When Mitt Romney famously declared in 2011 that “corporations are people,” everyone laughed—except for Paul Ryan and his tax henchmen. They took it to heart. But as the Washington Post’s Dana Milbank points out, corporations aren’t just any people in the GOP’s eyes, they’re “Very Important Persons with superhuman privileges” who retain the very right to deductions that many taxpayers are being stripped of in the Republican tax heist.
At Monday’s markup, Rep. Suzan DelBene (D-Wash.) quizzed a tax expert on this corporate exceptionalism:
“Will a teacher in my district who buys pens, pencils and paper for his students be able to deduct these costs from his tax returns under this plan?” He will not.
“Will a corporation that buys pens, pencils and papers for its workers be able to deduct those costs from its tax returns?” It will.
“Will a firefighter in my district be able to deduct the state and local sales taxes that she pays from her tax return?” She will not.
“Will a corporation be able to deduct sales taxes on business purchases?” It will.
“If a worker in my district had to move because his employer was forcing him to relocate . . . can he deduct his moving expenses under this plan?” He cannot.
“Can a corporation under this plan deduct outsourcing expenses incurred in relocating a U.S. business outside the United States?” It can.

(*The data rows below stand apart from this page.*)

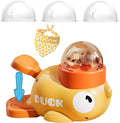 Duck Pet Feeder for Dogs with 3 Lids, Yellow Duck Treat Dispenser Interactive Puzzle Feeder for Dog Cat, Durable Anti-Gulping Slow Feeding Enrichment for Small Medium Pets (Yellow, 1PC)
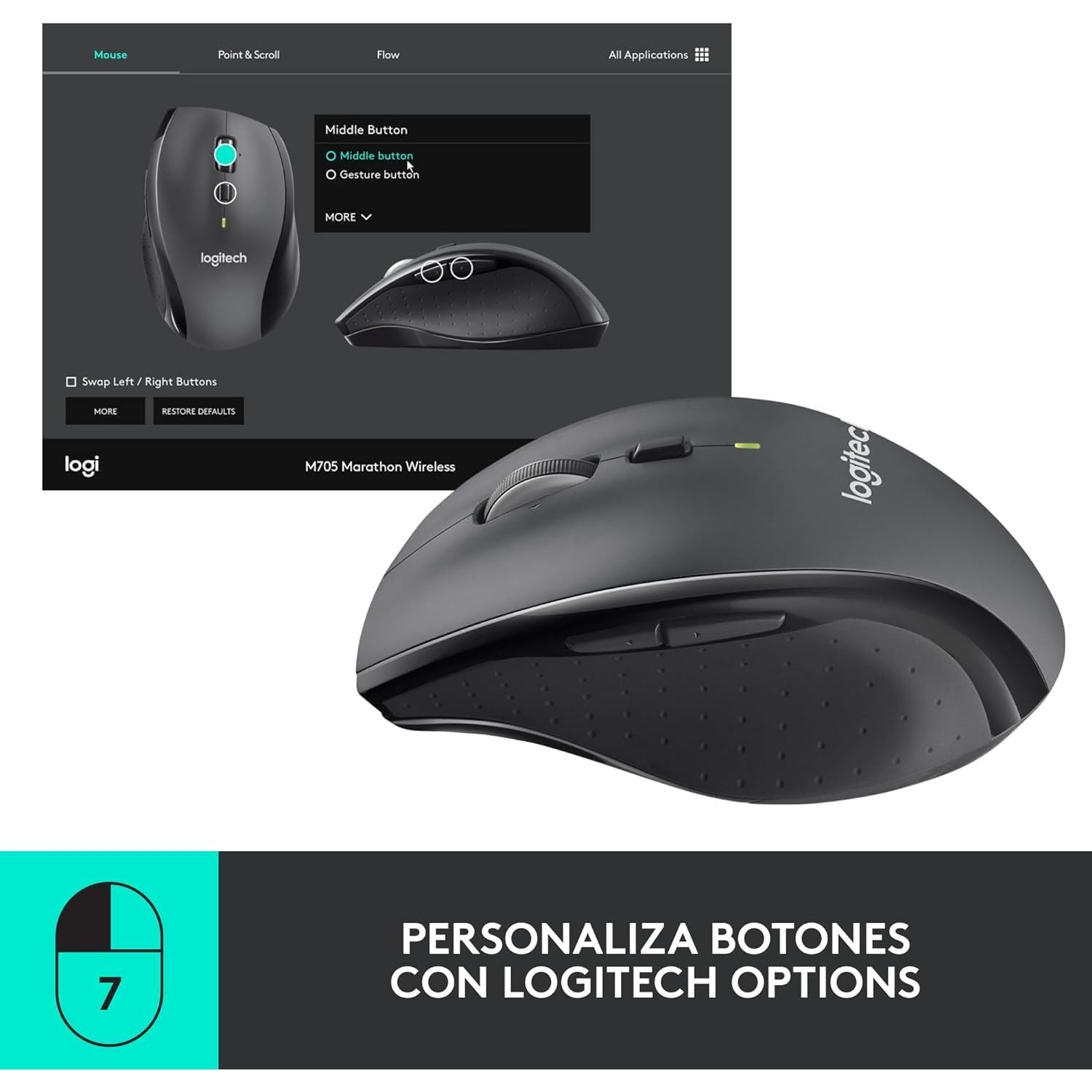 Mouse Inalámbrico Ergonómico Logitech M705, Negro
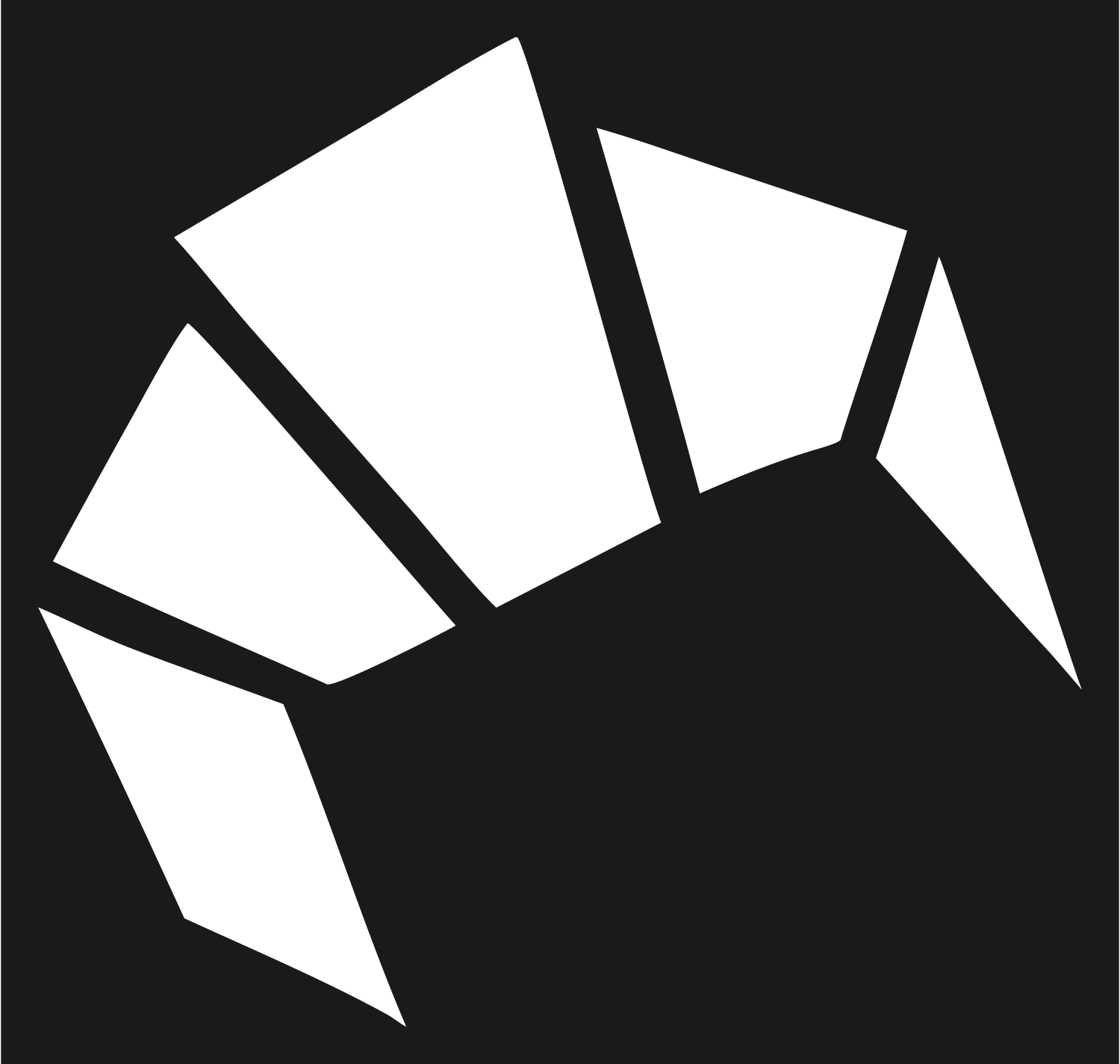 Geometric Croissant Logo #1a1a1a/#ffffff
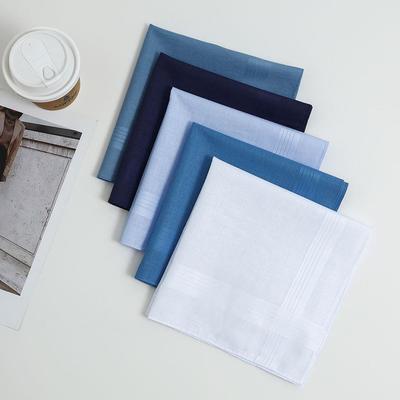 Men's 40cm Plain & Striped Cotton Handkerchief Set for Suits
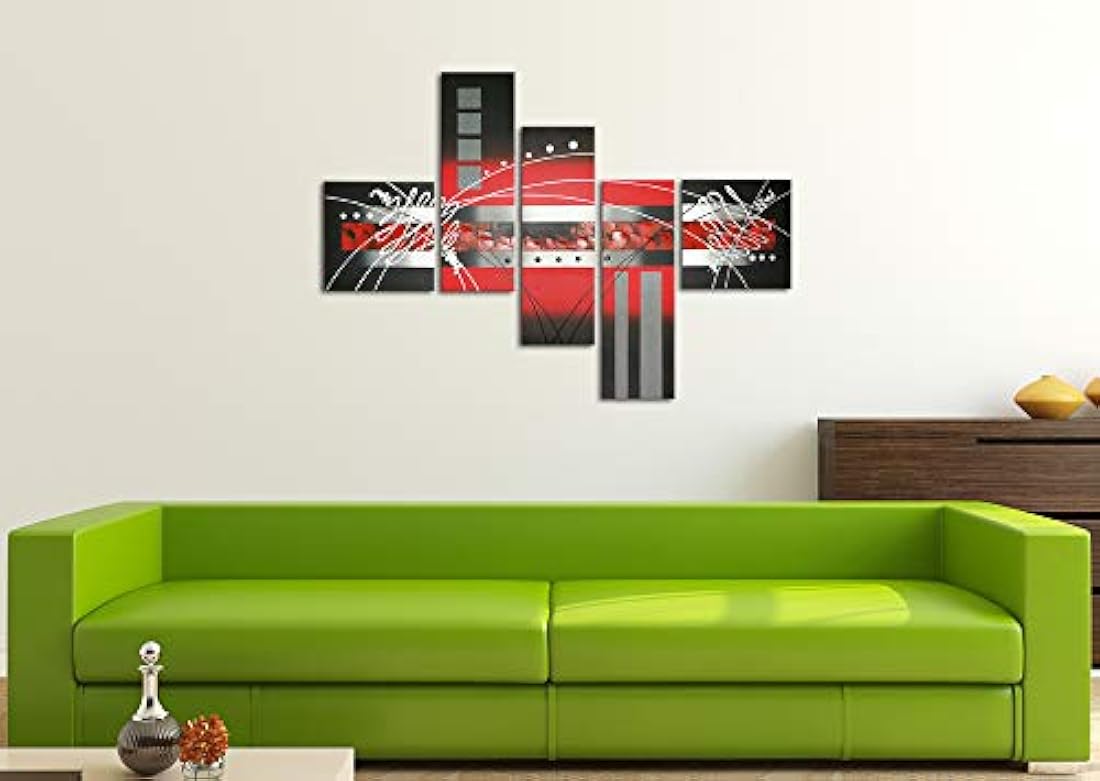 Wieco Art - Lienzo decorativo pintado a mano, 5 unidades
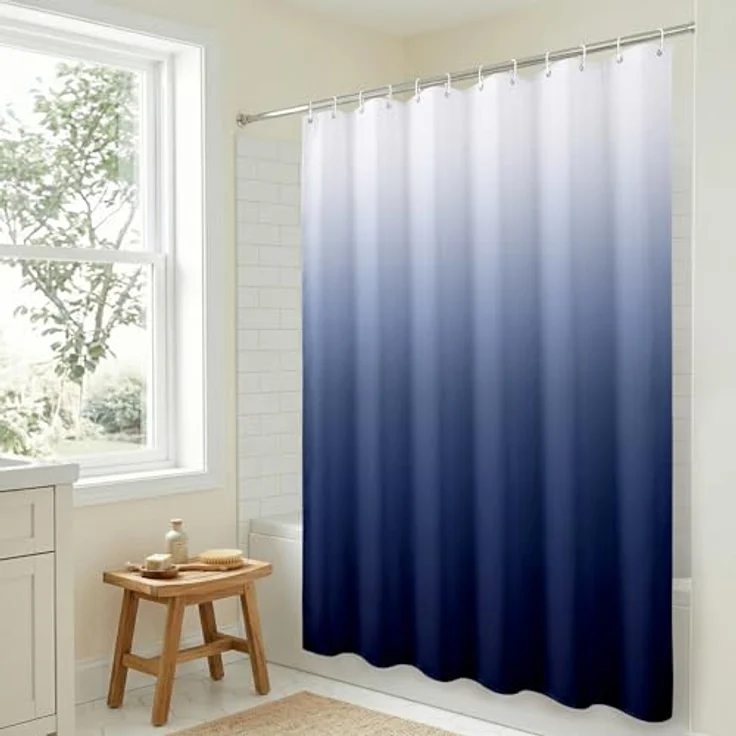 Americanflat Duschvorhang, 100% Polyester, wasserabweisend, mit Metallösen und 12 Duschvorhangringen, Farbverlauf, Duschvorhänge für Badezimmer, 71 x 74 cm, Blau – Bild 6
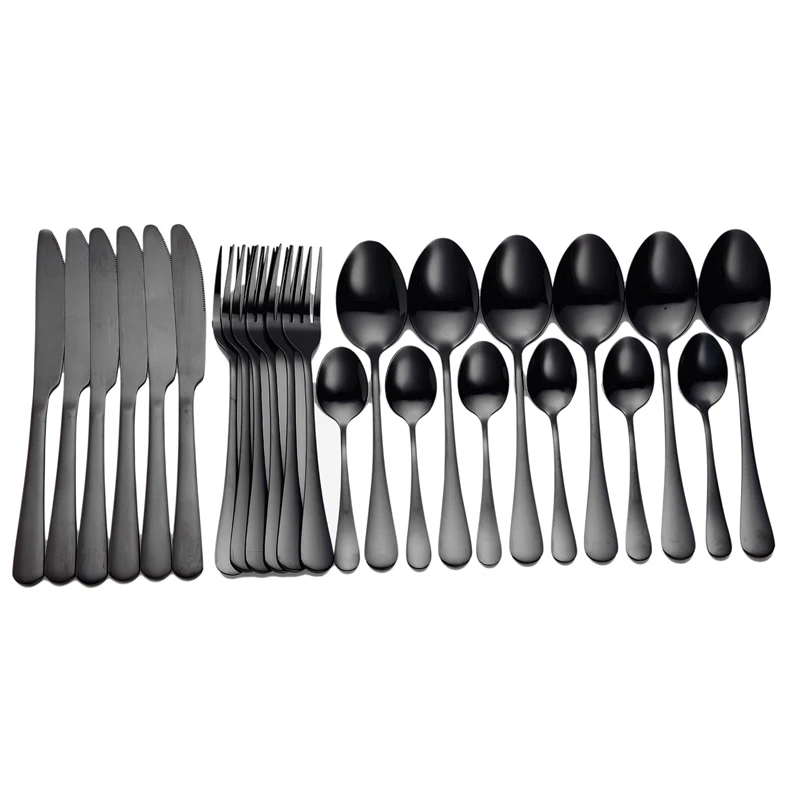 

Tablewellware Tableware Black Cutlery Set 24 Pcs Stainless Steel Cutlery Box Forks Knives Spoons Dinner Set Kitchen Spoon Set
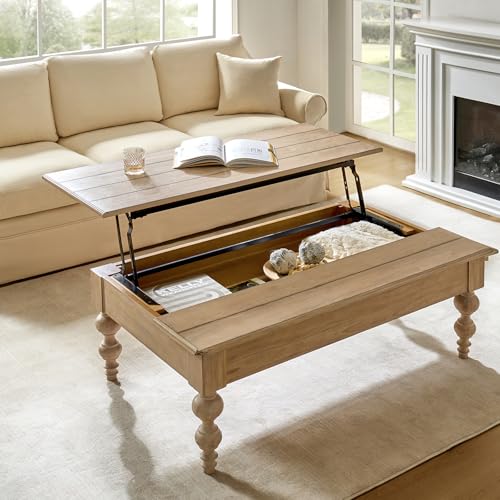 HULALA HOME Coffee Table Lift Top with Storage, Gourd-Shaped Legs, Wood Convertible Table for Living Room, Natural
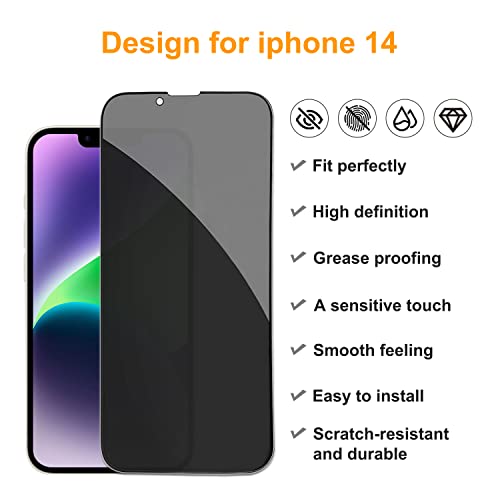 PEHAEL for iPhone 14 Privacy Screen Protector+Camera Lens Protector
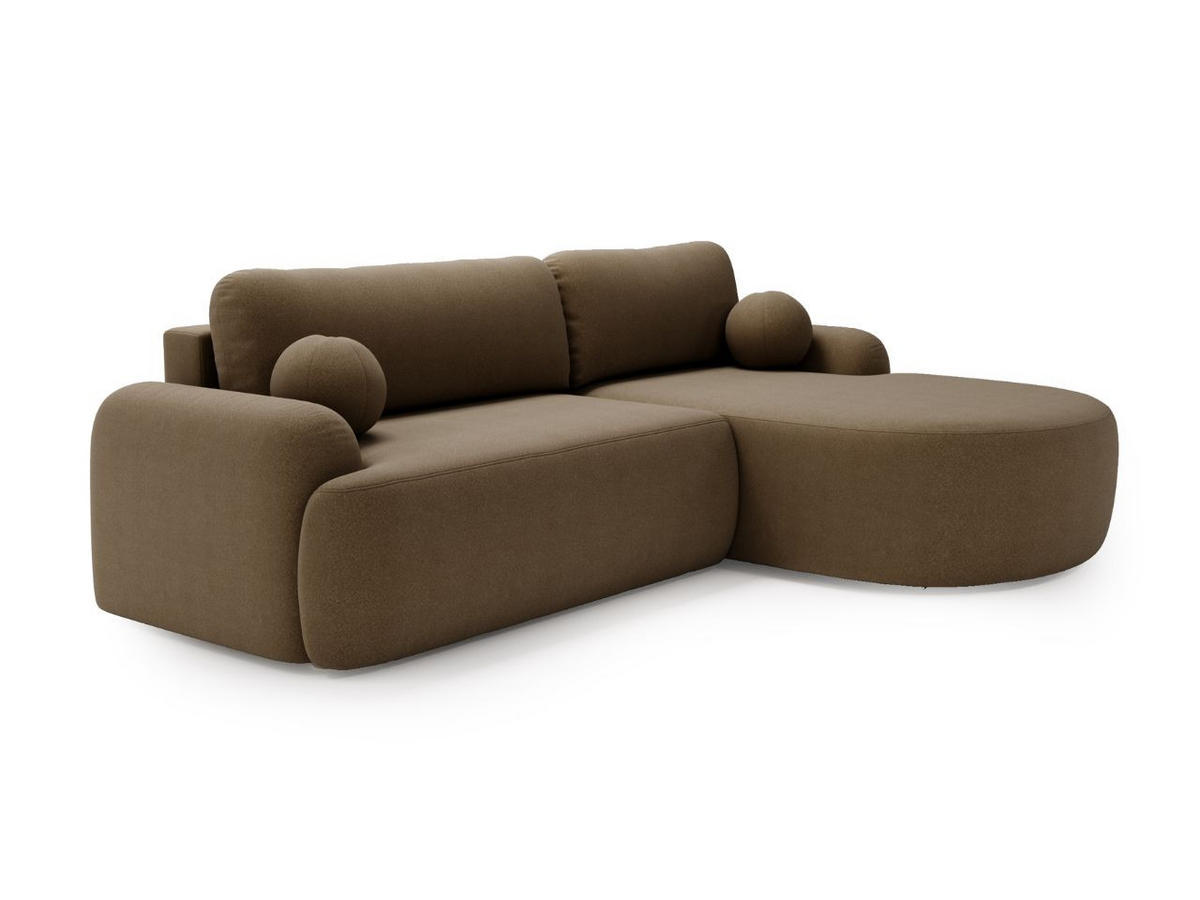 ECKSOFA Aurio Dunkelbraun Rechts - Dunkelbraun, Holz/Textil (261/177cm) - Graingold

That about says it all. What exactly are Republicans doing? It’s primarily a redistribution scheme from middle-class taxpayers in blue states to corporations mostly located in red states. And while the Republican tax bill will already raise taxes on about one-third of middle-class households next year, the GOP tax hike will hit almost half of middle-class taxpayers by 2026.
That’s right—Republicans plan to provide permanent tax cuts to corporations by gouging middle-class Americans. It’s like robbing Peter to pay Paul, Inc.